Die bekannten "Hamburger Wurftage" sind wieder :
Die Treffen finden  an den Sonntagen 25. Oktober (Zeitumstellung) und 8. November, jeweils  ab 10:00 Uhr statt. Naturbad Kiwittsmoor , Hohe Liedt 9
22417 Hamburg.

Jeder ist willkommen, Ein-/ Unterweisung, wenn gewünscht !

Bis dahin.  
	

	
	
		
		

		
		
	


	




____________________________

Der Pachtverein Hamburger Angler e.V. trifft sich in der Nordheide zu seinem 6. Übungstag  „Fliegenwerfen für Alle“
Sonntag, 1. November 2015, ab 11:00 Uhr open end, am Köhlerhüttenteich, Ollsener Straße zwischen Ollsen und Hanstedt.
Zum Übungstag lädt der Verein Singles, Familien, Kinder und Eltern ein, die diese Art
Sport schon können oder aber erleben möchten, wie in ihren eigenen Händen diese Technik funktioniert. 
Gerät ist ausreichend vorhanden. Zugeschaut werden darf auch.


----------



## jflyfish (24. Oktober 2015)

*AW: Hamburger Wurftage*

Und wer mal ne Bambusrute werfen möchte - ich bring mal eine oder zwei mit, jfl.


----------



## Thomas E. (24. Oktober 2015)

*AW: Hamburger Wurftage*

Hi,

ja bitte. ;-)

Wir haben manchmal Leute, die sogar selber toll bauen.


----------



## Thomas E. (22. September 2016)

*AW: Hamburger Wurftage*

Die Hamburger Wurftage sind bald !

An den Sonntagen 30. Oktober (Zeitumstellung) und 13. November,
 jeweils ab 10:00 Uhr.

Wie sich schon bewährt hat, wird der Grill wieder angefeuert. Fleisch, Wurst etc. muß selbst mitgebracht werden.

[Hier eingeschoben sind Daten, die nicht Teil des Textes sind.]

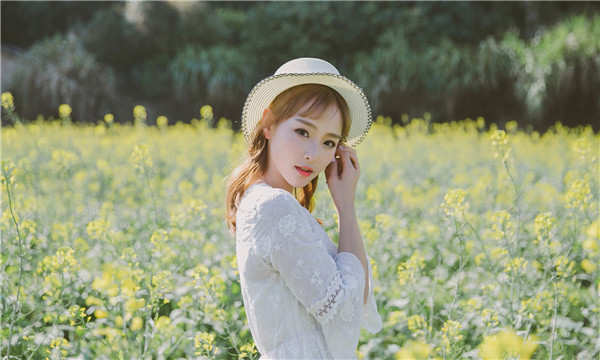 洪泽标题：想找个女人帮忙生孩子的有效解决方案，助您圆梦家庭
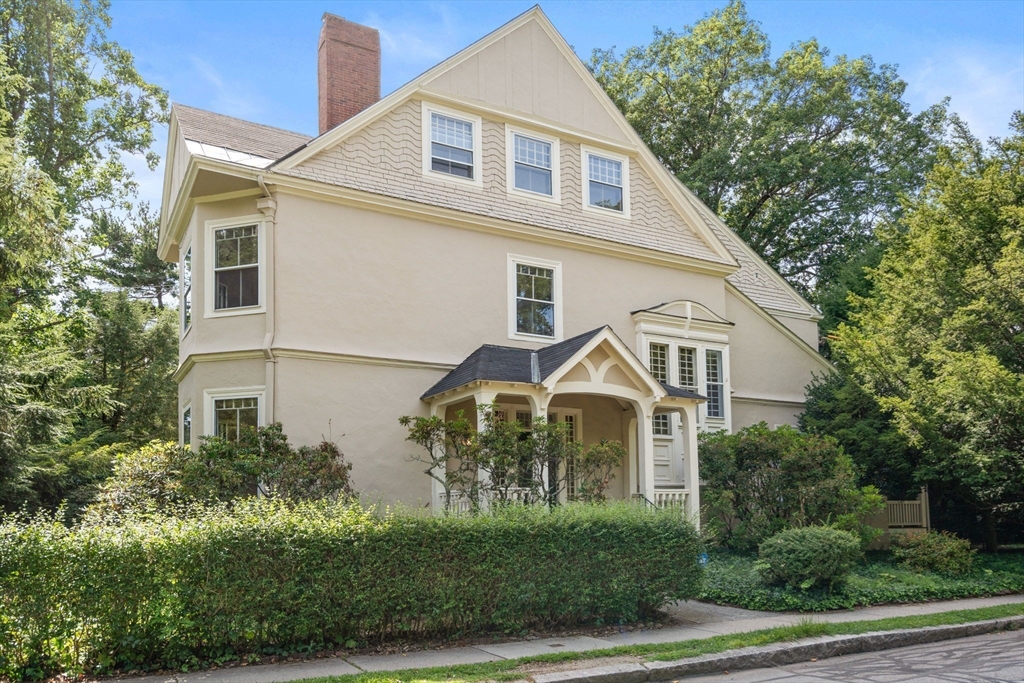 12 Berkeley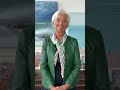 GovC announcement of new phase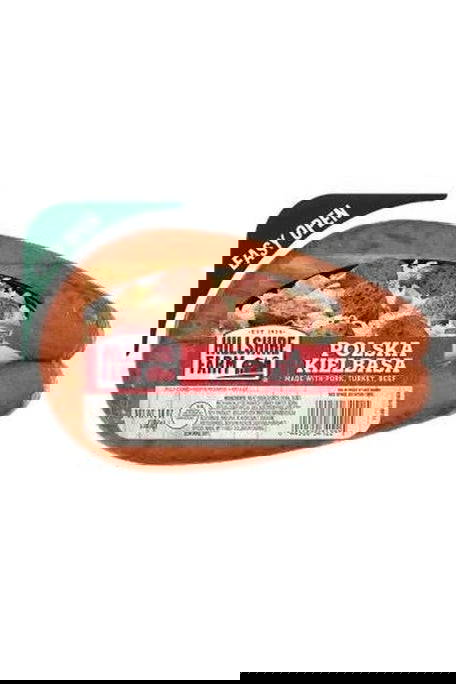 Hillshire Farm® Keilbasa 13 oz.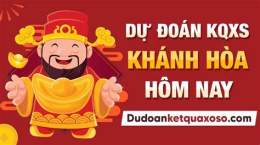 tính năng nổi bật du doan xo so hcm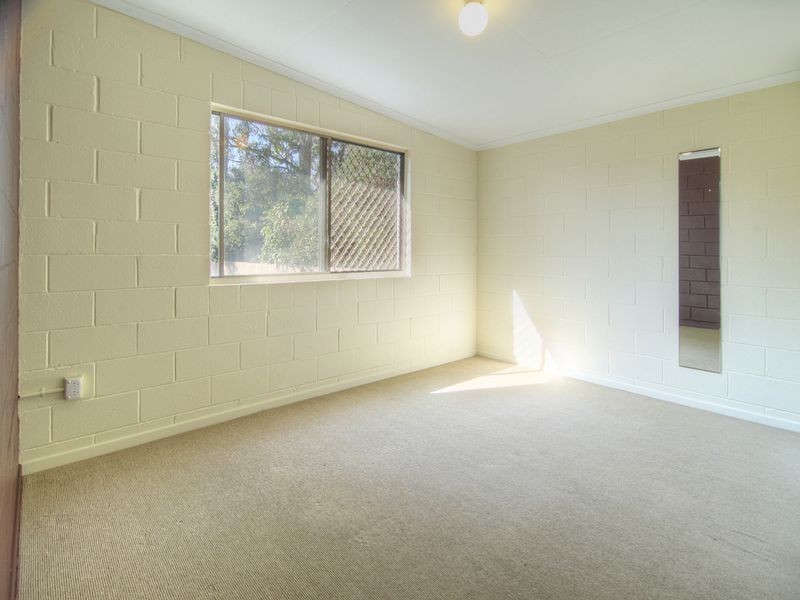 12 Esperance Street, Runcorn QLD 4113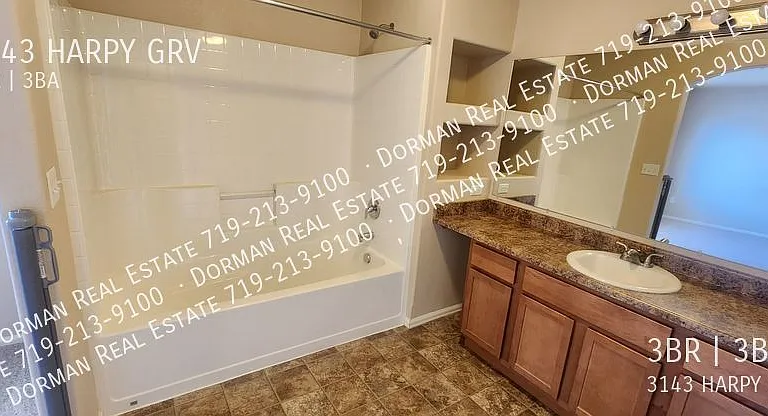 3143 Harpy Grv — Photo 8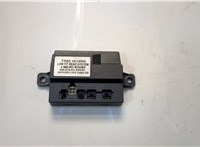 1633098 Блок управления парктрониками Ford Kuga 2008-2012 20709551 #1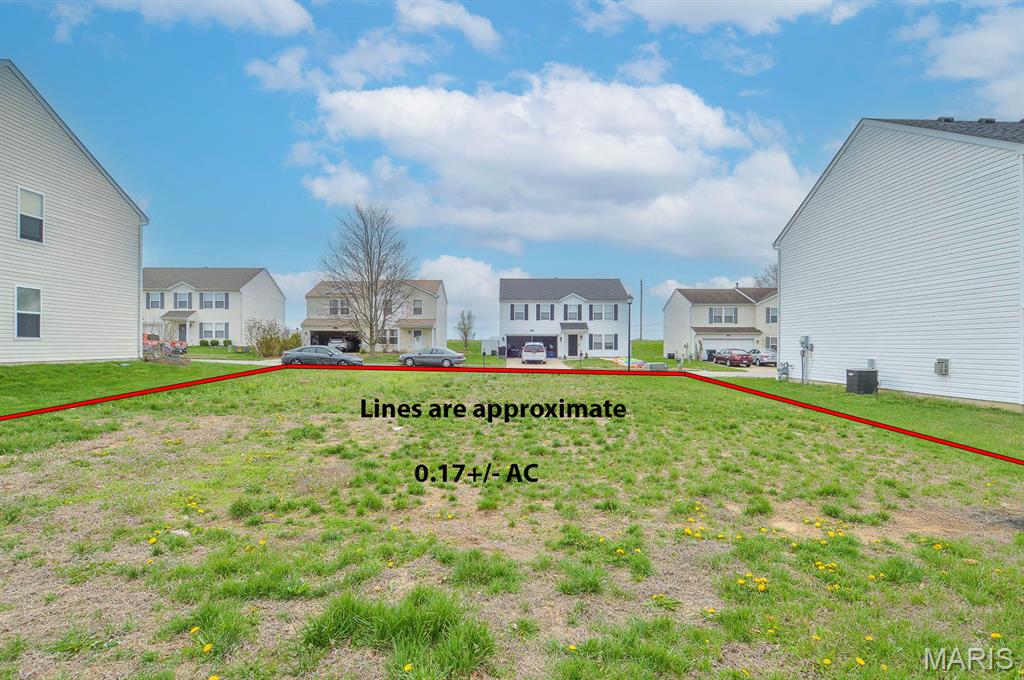 Reunion Ph 03 - Land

Jeder ist willkommen, auch absolute Beginner.

 Bis dahin. #6


----------



## Thomas E. (16. August 2017)

*AW: Hamburger Wurftage*

Hallo Fliegenwerfer und Interessierte :
 Die bekannten "Hamburger Wurftage" im Herbst finden am  29.10. und 12.11. 2017 ab 10.00 Uhr statt.
 Ort ist wie gewohnt das Naturbad Kiwittsmoor, Hohe Liedt 9, 22417 Hamburg.
 Bis dahin.


----------



## Hering 58 (17. August 2017)

*AW: Hamburger Wurftage*

Moin Thomas,
ist das für alle auch Neulinge  oder nur für alte Hasen?#6


----------



## Thomas E. (17. August 2017)

*AW: Hamburger Wurftage*

Moin,

offen für jeden Interessierten. 

Wer möchte, bekommt auch kostenlose Ein-/ Unterweisung.


----------



## Hering 58 (17. August 2017)

*AW: Hamburger Wurftage*

Danke Thomas


----------



## Hering 58 (17. August 2017)

*AW: Hamburger Wurftage*

Moin Thomas,
kennst du ein Angelgeschäft in Hamburg wo man das Fliegenbinden erlehren kann.


----------



## maggo (18. August 2017)

*AW: Hamburger Wurftage*

Hallo,

ich bin zwar nicht Thomas - aber ich antworte trotzdem 

In Hamburg direkt kenne ich nichts, kann aber sehr Achim Stahl in Kiel empfehlen. Habe dort auch seinerzeit einen Kurs gemacht und sehr davon profitiert.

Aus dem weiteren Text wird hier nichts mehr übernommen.